TASK DIRECTIONS
From the records below, please return each line that holds the word "Sale".

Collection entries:
⁂

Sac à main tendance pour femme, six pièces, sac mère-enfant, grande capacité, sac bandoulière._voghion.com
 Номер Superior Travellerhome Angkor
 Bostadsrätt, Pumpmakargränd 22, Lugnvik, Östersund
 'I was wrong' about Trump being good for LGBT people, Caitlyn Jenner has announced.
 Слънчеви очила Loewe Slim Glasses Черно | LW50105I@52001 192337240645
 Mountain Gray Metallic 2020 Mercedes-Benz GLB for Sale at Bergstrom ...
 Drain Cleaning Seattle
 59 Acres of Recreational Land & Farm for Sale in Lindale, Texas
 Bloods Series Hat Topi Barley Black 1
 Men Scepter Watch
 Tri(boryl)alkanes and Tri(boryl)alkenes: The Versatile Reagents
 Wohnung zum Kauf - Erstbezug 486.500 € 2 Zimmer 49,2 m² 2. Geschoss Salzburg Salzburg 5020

⁂

YOUR SOLUTION
 Mountain Gray Metallic 2020 Mercedes-Benz GLB for Sale at Bergstrom ...
 59 Acres of Recreational Land & Farm for Sale in Lindale, Texas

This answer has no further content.